De outubro a outubro, um ano se passou. O tratamento mais pesado, com químio e radioterapia acabou. E eu continuei. Subiram as letrinhas do fim do filme e, como protagonista da minha própria história, segui em cena me perguntando: o que vem depois?
O novo cabelo cacheado cresce sem parar e dá a dimensão do tempo. Que corre. Rapidamente saí do momento do diagnóstico, em que a ordem era “enfrente!”, para o novo convite: seguir “em frente”.
A dimensão da vida muda quando a nossa vulnerabilidade aparece em sua forma mais material, como acontece em situações delicadas de saúde. Eu mudei. Definitivamente. E quando digo isso vem logo à cabeça a cena de uma animação que assisti mil vezes com meu filho, Martin. Um dos últimos filmes do Toy Story, em que o patrulheiro espacial Buzz Ligthyear tem um botão nas costas e basta mudá-lo de posição para sua personalidade se transformar completamente.
Ninguém mexeu na minha chavezinha de transformação depois da vivência com o câncer de mama. Não existe o tal botão. Existe, sim, uma nova intenção. Procuro perceber mais rapidamente o que tem ou não valor, a que devo ou não dar atenção. E, assim, seguir.
Poder seguir é motivo de agradecimento diário. De vez em quando me pego aproveitando intensamente sensações que antes eu nem perceberia. Sair da academia com o corpo cansado, entrar em um banho e sentir a água quente na pele, passar a tolha macia no corpo e no cabelo. Cada instante do cotidiano se torna grandioso.
Os momentos ruins seguem existindo, obviamente. Não vivo no país ao qual meu nome é ligado, aquele das maravilhas. Tem dia em que acordo sem vontade, brigo por bobagem, fico arrependida e culpada. Tem dia em que quero fugir, ficar escondidinha em algum canto. Mas todo dia tem uma noite de sono no fim. E, assumindo toda a pieguice da fala, todo novo dia é uma chance, real, de recomeçar.
Enquanto celebro a oportunidade de seguir viva, lembro que o câncer de mama é a doença que mais mata mulheres no mundo e que tem o Rio Grande do Sul como recordista brasileiro em número de casos. Só existe um caminho para melhorar o cenário: a prevenção.
A pandemia fez diminuir quase pela metade a procura por consultas ao ginecologista ou mastologista. Sem contar com os tratamentos paralisados no meio por medo do vírus. Por isso, precisamos aproveitar esse mês e falar ainda mais sobre esse tema.

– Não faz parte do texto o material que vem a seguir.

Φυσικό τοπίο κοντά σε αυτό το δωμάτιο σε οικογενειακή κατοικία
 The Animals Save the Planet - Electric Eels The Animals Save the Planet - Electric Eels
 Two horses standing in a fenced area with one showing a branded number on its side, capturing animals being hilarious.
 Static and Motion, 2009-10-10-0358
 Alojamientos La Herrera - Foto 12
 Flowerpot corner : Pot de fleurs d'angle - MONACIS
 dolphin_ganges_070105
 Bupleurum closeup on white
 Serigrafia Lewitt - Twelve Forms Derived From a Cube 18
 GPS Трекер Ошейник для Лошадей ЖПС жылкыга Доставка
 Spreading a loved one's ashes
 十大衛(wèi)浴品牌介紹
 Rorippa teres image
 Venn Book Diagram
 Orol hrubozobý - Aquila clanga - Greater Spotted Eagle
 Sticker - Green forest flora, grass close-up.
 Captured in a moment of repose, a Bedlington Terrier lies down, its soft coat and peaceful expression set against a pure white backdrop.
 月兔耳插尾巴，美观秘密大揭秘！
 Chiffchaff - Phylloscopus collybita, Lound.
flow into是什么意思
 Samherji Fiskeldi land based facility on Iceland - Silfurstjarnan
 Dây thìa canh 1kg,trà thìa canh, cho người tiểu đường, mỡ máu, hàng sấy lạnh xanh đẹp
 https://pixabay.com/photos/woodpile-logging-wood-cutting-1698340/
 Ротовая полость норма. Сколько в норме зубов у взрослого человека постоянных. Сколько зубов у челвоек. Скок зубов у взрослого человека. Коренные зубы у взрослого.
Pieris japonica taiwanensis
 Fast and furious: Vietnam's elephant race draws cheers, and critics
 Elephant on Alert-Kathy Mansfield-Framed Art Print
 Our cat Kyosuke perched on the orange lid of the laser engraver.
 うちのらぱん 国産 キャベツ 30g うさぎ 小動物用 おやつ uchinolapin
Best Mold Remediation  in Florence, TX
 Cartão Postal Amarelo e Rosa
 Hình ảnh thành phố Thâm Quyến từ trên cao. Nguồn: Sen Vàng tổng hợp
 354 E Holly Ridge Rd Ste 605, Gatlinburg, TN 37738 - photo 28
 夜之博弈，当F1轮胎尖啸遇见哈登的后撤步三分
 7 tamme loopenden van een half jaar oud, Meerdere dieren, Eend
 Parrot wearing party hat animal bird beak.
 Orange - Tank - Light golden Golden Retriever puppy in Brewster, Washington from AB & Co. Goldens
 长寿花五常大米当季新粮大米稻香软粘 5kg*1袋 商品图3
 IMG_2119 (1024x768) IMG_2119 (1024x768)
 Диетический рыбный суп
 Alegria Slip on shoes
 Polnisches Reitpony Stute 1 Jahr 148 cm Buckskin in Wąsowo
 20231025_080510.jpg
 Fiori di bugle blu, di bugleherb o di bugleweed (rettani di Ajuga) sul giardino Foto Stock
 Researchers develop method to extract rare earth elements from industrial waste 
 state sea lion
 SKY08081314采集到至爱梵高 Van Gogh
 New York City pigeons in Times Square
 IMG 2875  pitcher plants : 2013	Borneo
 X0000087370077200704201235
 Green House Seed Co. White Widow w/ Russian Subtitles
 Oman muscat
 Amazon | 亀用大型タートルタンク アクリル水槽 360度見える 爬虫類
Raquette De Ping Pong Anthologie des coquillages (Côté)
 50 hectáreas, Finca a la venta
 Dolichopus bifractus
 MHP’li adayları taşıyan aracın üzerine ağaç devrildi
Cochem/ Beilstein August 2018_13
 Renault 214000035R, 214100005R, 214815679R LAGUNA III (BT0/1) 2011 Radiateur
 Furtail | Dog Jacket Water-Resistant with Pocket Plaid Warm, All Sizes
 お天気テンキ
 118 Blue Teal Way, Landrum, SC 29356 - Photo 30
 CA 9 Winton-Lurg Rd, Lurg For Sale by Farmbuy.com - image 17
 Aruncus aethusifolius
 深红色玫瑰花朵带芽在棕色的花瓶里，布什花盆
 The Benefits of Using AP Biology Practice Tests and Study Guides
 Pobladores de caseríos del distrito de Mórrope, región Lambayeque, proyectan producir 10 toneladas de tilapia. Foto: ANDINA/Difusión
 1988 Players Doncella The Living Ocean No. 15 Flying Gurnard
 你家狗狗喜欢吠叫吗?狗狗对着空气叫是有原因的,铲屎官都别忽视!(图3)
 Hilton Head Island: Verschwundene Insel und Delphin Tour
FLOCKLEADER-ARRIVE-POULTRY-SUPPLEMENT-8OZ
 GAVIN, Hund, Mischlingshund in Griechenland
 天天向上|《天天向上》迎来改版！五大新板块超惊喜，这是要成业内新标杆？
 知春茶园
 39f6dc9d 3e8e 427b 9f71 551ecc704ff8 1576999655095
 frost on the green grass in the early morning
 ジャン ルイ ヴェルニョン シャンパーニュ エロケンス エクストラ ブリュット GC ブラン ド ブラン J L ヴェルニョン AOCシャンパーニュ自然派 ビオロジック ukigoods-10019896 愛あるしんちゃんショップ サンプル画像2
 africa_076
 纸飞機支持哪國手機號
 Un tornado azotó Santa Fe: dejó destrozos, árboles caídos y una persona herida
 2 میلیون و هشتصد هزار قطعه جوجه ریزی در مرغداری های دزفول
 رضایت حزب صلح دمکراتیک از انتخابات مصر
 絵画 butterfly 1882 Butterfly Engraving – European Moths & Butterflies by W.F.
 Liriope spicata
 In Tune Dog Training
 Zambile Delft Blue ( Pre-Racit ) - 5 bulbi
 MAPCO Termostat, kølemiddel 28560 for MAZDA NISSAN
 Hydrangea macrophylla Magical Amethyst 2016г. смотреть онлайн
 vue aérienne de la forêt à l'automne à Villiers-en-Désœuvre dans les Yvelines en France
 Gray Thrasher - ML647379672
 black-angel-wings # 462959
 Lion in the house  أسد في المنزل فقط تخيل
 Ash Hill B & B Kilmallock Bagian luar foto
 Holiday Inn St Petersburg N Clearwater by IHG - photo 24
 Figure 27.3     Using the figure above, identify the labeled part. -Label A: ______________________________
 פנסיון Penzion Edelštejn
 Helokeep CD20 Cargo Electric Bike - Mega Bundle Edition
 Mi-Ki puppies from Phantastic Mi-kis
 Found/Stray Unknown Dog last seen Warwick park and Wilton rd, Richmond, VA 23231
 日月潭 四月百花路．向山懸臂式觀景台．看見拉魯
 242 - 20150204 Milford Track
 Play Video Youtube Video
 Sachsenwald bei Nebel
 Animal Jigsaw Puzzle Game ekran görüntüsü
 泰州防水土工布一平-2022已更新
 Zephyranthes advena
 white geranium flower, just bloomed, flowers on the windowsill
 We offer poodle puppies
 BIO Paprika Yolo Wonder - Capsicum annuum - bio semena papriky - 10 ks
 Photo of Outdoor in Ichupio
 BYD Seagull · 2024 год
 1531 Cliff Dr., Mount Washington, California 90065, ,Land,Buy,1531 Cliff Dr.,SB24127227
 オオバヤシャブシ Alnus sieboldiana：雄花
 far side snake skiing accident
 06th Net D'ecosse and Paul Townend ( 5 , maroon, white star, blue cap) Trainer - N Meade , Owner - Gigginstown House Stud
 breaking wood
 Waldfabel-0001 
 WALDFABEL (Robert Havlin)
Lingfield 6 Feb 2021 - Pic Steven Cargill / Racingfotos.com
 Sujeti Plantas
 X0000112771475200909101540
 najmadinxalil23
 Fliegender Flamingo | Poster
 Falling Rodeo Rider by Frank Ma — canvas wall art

Durante todas as sextas-feiras do Outubro Rosa, o Globo Esporte vai exibir a segunda temporada da série “Vitórias”. Vamos reencontrar mulheres com quem conversamos no ano passado e mostrar como a vida pode e deve seguir, e também apresentar novas histórias em que a atividade física e o esporte foram aliados importantes.
Entre elas, a da Cristina Ranzolin, minha colega e amiga, apresentadora do Jornal do Almoço, na RBS TV, que completa um ano de diagnóstico nesse mês, justamente quando termina seu tratamento. A Cris só vai poder comemorar agora o fato de estar curada porque descobriu cedo. Exames de rotina, principalmente a mamografia, garantem um diagnóstico precoce e é ele quem pode garantir a cura.
O que vem depois da cura? A vida. Na minha última consulta com o oncologista fui preparada para ouvir sobre o arsenal de medicações que eu precisaria tomar. Com que frequência, doutor? Por quanto tempo? Quais os outros tratamentos complementares?
A resposta foi tão definitiva quanto simples: não existe pílula mágica. Tomo um remédio todos os dias e seguirei assim por alguns anos. Mas o tratamento eterno é a boa alimentação, exercício físico constante, hábitos saudáveis. Para que o “enfrente” fique apenas para um ou outro dia mais difícil e a vida possa seguir sempre em frente.